SUPPLIED RECORDS
════════════════════

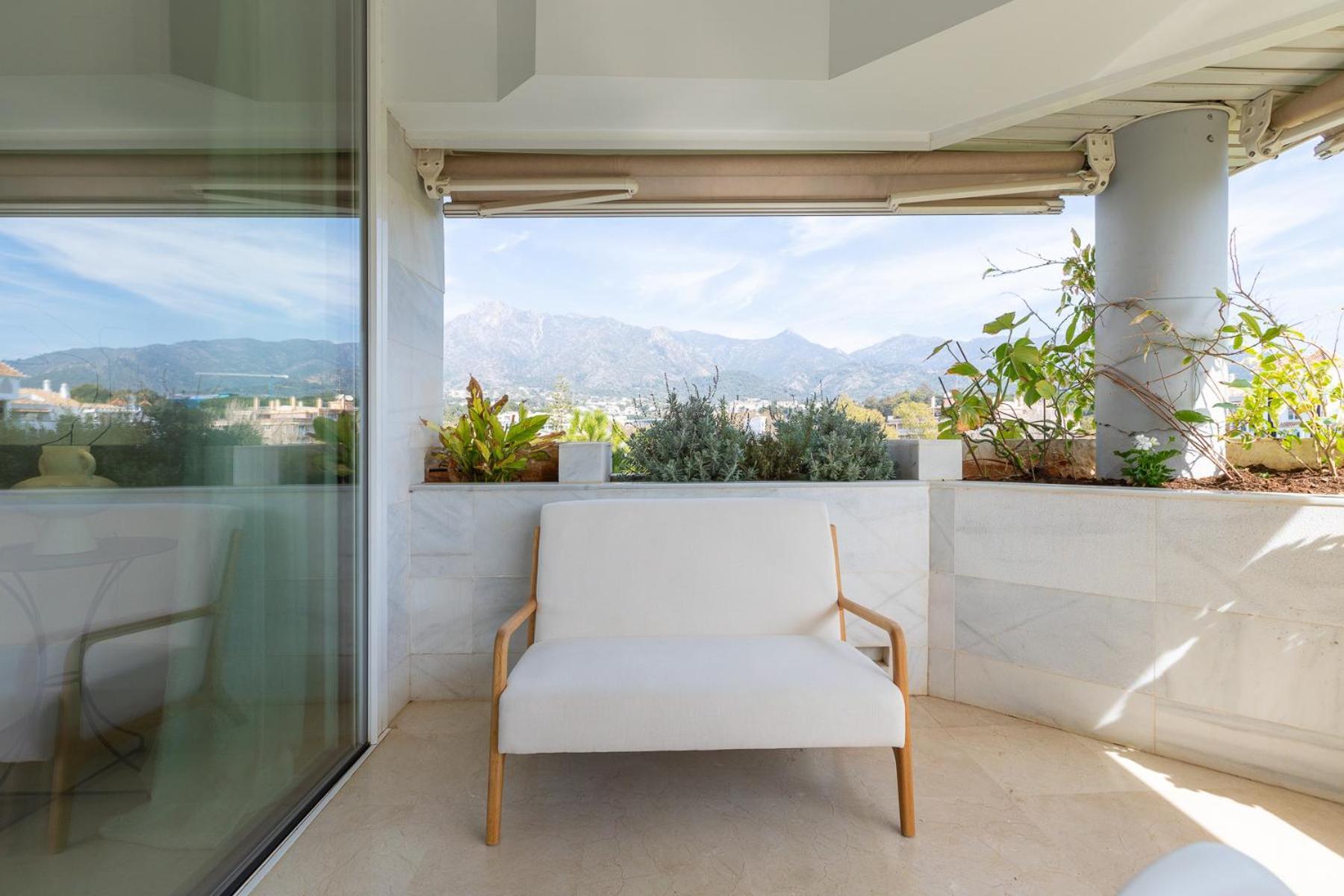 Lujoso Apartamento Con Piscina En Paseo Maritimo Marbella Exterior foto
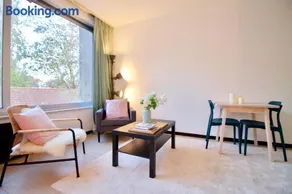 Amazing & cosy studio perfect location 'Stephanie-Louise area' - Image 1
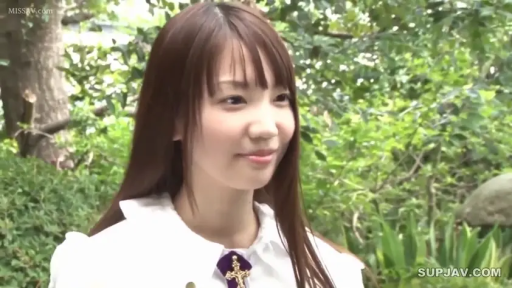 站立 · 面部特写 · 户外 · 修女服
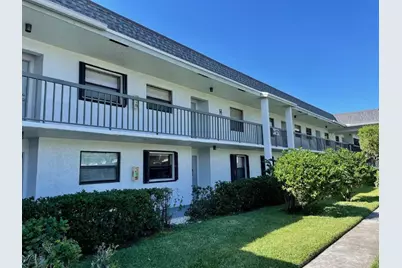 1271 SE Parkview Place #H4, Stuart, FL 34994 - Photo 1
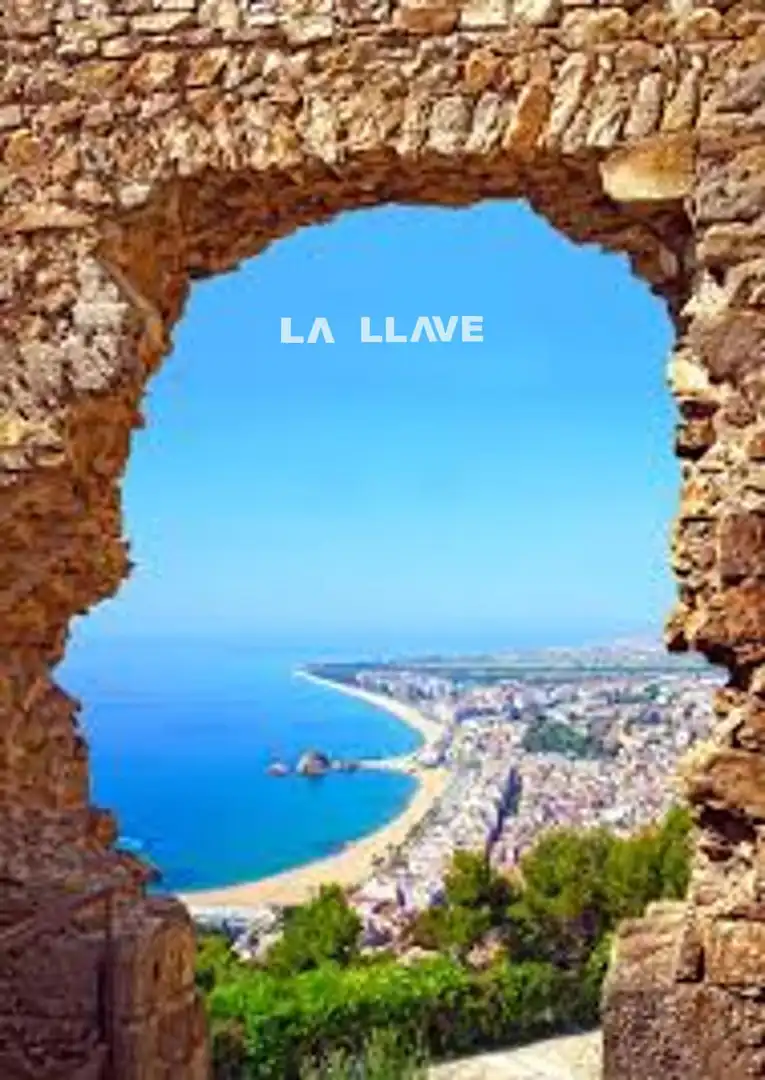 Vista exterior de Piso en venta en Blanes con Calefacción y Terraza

════════════════════

TASK DIRECTIONS
Only the lines from the one with "1271 SE Parkview" through the final line of the entries above should be transcribed, exactly and without pictures.

SOLUTION TO THIS TASK
 1271 SE Parkview Place #H4, Stuart, FL 34994 - Photo 1
 Vista exterior de Piso en venta en Blanes con Calefacción y Terraza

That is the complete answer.